O mal de grande parte dos esquerdistas dessa área de linguística é que eles gostam de nivelar por baixo. O que há nesse livro de tão absurdo? Ele ensina que a linguagem popular é tão correta quanto a linguagem culta, pois comunica do mesmo jeito. Então, falar “nós pega o peixe” seria o mesmo que falar “nós pegamos o peixe”.
Em primeiro lugar, podemos nem sequer entrar na celeuma acadêmica sobre isso. Existe mesmo um debate sobre o valor da linguagem popular ou da linguagem falada e um questionamento sobre a legitimidade dos cânones da língua culta. Isso ocorre também nas artes e na literatura em especial. É também um reflexo do atual debate multiculturalista.
Mas isso não tem nada a ver com o ensino da língua portuguesa. Esse debate é conversa para acadêmicos!
É como todo relativismo, quando ele se dá no âmbito epistemológico, é uma ótima forma de questionamento sobre as verdades ou postulados que em geral não discutimos. Mas quando é levado para os ambientes educacionais que exigem respostas, perdem todo seu sentido. Transformam-se em fábricas do erro.
Imagine que seu filho pergunta sobre se é certo roubar e você (bom esquerdista que é) responde: “depende, meu filho. Às vezes as condições sociais...” Pelo amor de Deus! O que esse livro idiota está fazendo é exatamente isso.

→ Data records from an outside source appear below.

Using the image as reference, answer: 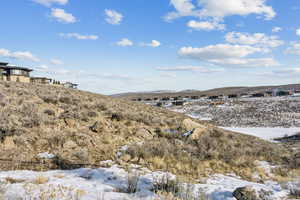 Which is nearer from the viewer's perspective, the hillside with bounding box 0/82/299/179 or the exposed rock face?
the hillside with bounding box 0/82/299/179

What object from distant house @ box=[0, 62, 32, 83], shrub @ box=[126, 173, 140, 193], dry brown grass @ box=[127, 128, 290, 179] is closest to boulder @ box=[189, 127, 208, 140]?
dry brown grass @ box=[127, 128, 290, 179]

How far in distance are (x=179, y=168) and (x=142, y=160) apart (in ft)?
4.64

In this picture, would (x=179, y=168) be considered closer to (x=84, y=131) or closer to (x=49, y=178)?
(x=49, y=178)

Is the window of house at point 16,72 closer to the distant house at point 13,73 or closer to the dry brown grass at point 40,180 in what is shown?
the distant house at point 13,73

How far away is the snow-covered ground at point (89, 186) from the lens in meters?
4.31

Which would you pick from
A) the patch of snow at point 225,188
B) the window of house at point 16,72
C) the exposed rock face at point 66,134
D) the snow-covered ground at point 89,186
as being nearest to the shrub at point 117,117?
the exposed rock face at point 66,134

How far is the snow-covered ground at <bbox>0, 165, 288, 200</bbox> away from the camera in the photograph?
4312mm

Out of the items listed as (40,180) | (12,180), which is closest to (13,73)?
(12,180)

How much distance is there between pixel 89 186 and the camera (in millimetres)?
5004

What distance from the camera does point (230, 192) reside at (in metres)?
5.43

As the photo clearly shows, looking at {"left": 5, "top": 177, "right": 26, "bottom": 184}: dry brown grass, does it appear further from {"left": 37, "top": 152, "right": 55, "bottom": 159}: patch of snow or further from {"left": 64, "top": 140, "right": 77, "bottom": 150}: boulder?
A: {"left": 64, "top": 140, "right": 77, "bottom": 150}: boulder

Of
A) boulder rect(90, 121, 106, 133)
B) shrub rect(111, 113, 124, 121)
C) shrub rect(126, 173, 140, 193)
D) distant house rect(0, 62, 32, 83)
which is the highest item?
distant house rect(0, 62, 32, 83)

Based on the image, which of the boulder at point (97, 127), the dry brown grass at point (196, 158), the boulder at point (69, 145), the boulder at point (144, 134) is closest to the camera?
the dry brown grass at point (196, 158)

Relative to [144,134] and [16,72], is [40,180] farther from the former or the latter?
[16,72] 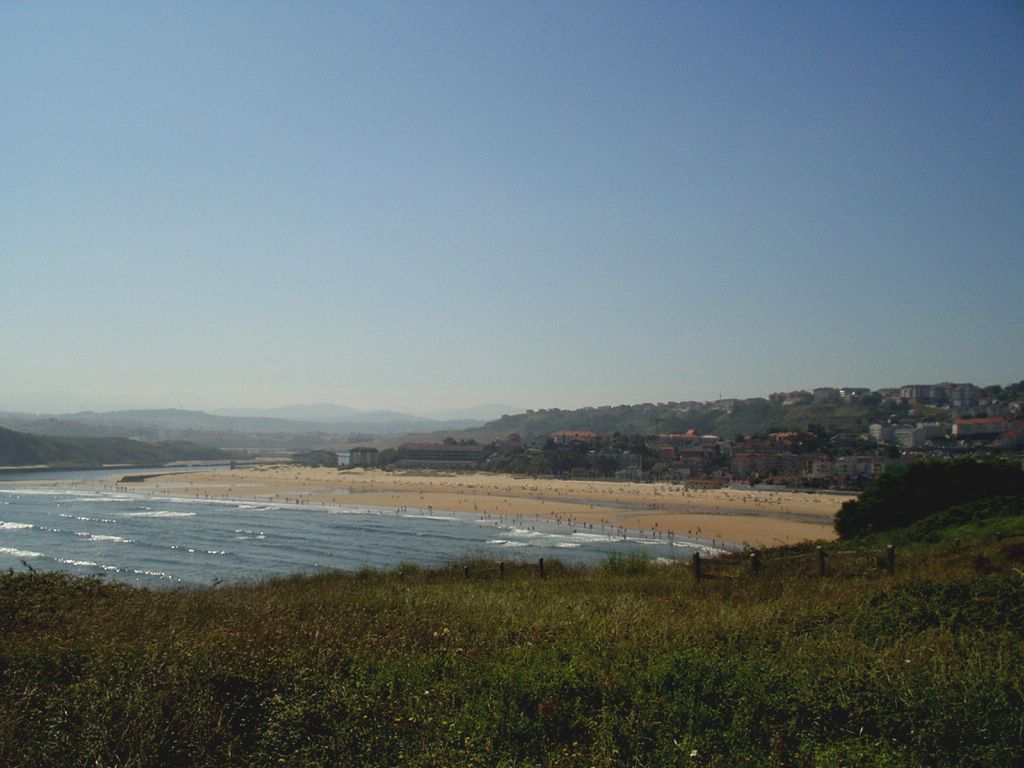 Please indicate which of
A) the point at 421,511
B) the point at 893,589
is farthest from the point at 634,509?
the point at 893,589

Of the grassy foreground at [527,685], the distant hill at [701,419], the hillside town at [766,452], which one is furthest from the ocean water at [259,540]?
the distant hill at [701,419]

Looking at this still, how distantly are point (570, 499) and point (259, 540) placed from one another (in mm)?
30053

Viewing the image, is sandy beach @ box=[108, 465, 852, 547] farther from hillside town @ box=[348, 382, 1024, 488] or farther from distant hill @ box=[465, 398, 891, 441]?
distant hill @ box=[465, 398, 891, 441]

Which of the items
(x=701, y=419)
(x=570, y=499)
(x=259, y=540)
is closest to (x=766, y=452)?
(x=570, y=499)

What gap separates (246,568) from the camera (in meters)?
27.2

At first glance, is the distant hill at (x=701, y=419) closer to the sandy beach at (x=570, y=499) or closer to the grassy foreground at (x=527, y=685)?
the sandy beach at (x=570, y=499)

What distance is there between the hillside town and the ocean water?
38812 millimetres

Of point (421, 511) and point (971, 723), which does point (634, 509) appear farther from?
point (971, 723)

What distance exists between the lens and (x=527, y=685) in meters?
6.00

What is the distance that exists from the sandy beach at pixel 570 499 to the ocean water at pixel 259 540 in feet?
13.2

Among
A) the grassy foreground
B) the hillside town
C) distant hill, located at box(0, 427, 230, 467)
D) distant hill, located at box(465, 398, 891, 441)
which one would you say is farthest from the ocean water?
distant hill, located at box(465, 398, 891, 441)

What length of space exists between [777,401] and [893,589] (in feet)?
568

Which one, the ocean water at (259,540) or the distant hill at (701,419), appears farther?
the distant hill at (701,419)

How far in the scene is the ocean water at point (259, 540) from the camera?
27.7 metres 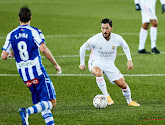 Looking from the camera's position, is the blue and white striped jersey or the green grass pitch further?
the green grass pitch

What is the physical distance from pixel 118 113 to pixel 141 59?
21.3 feet

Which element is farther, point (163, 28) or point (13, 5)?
point (13, 5)

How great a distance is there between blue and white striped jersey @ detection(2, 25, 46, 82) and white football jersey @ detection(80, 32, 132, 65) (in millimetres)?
2276

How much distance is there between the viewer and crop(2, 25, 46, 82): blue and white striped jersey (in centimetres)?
721

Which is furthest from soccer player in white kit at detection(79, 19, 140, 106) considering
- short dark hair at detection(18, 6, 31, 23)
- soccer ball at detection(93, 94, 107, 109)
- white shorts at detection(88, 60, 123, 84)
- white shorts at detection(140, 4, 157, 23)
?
white shorts at detection(140, 4, 157, 23)

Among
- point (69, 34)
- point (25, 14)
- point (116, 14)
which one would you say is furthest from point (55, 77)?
point (116, 14)

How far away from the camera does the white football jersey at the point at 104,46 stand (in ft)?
31.2

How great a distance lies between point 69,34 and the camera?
21.3 m

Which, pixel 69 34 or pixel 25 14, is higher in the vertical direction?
pixel 25 14

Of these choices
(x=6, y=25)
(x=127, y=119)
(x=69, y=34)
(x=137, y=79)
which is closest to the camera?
(x=127, y=119)

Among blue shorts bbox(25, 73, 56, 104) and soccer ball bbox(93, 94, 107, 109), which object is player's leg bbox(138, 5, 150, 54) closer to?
soccer ball bbox(93, 94, 107, 109)

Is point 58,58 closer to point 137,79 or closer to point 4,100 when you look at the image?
point 137,79

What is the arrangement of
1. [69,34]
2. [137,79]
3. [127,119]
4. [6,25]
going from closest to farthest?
[127,119] < [137,79] < [69,34] < [6,25]

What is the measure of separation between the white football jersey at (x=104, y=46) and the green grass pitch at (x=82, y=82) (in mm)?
962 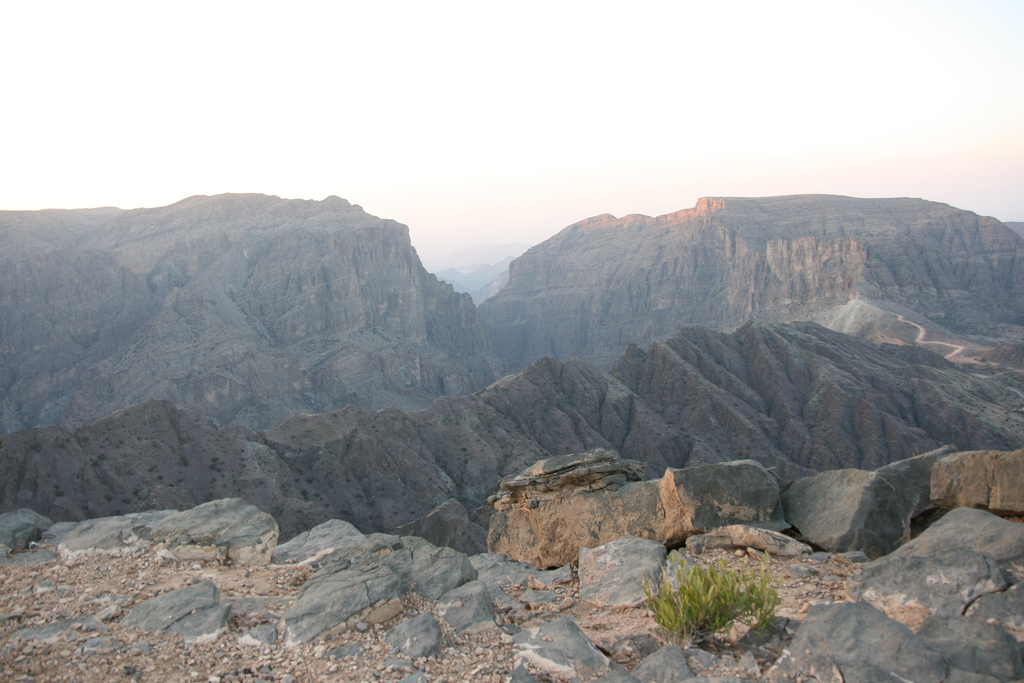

Em segundo lugar, estou levando em consideração a legitimidade do debate proposto sobre “preconceito linguístico” em ambientes acadêmicos, mas não concordo com essa conversa de jeito nenhum! É óbvio que a língua falada tem sua utilidade e consegue fazer a comunicação, mas há ambientes (Wittgenstein chamaria de “jogos de linguagem”) em que a língua culta é que é a norma!
Portanto, o que o livro diz é, em uma palavra, ERRADO! Não é a mesma coisa dizer “nós pega o peixe” e “nós pegamos o peixe”. Se o sujeito disser, numa entrevista de emprego “nós vai se esforçar muito” ele simplesmente não será contratado. Isso é preconceito linguístico, é? Como diz um amigo meu, é “conceito” linguístico mesmo. Se o sujeito não domina a norma culta, vai perder a vaga. Uma entrevista de emprego tem critérios de correção diferentes dos de uma roda de amigos.
A língua realmente não tem um padrão absoluto, pelo que a língua falada tem critérios muito mais abertos. Mas há ambientes linguísticos muito mais fechados e essa normatividade não tem nada a ver com preconceito. Não dá para mudar esses espaços pela vontade de alguns, ou pela vontade de muitos até. Essa normatividade é própria do ambiente.
É justamente na academia que se discute a legitimidade desses espaços. Conservadores de um lado e progressistas do outro vivem brigando sobre isso. Mas, definitivamente, nem um nem outro podem contestar a existência da norma culta e a sua importância no contexto de uma sociedade como a nossa.
Por isso eu explico sempre quando falo em Wittgenstein. Dizer que os critérios de um jogo de linguagem são abertos não significa dizer que não há critério nenhum. O sujeito que lê esse livro didático vai achar que os critérios são relativos e será levado a erro ao supor que falar em desacordo com a norma culta não vai lhe causar danos.
Algumas perguntas
Aí eu pergunto, amigos. Se a linguagem popular eu aprendo na rua, a escola não deveria justamente servir para me ensinar a linguagem culta? Afinal, para que serve a escola então? A educação é o mais importante instrumento de ascensão social. Como alguém vai subir na vida questionando a norma culta? Será que a autora do livro subiu na vida falando, na academia, a linguagem que ela fala na rua? Será mesmo que ela fala “nós pega o peixe”? Duvido.
Esse livro é, além de manifestação de ignorância, um crime contra a educação.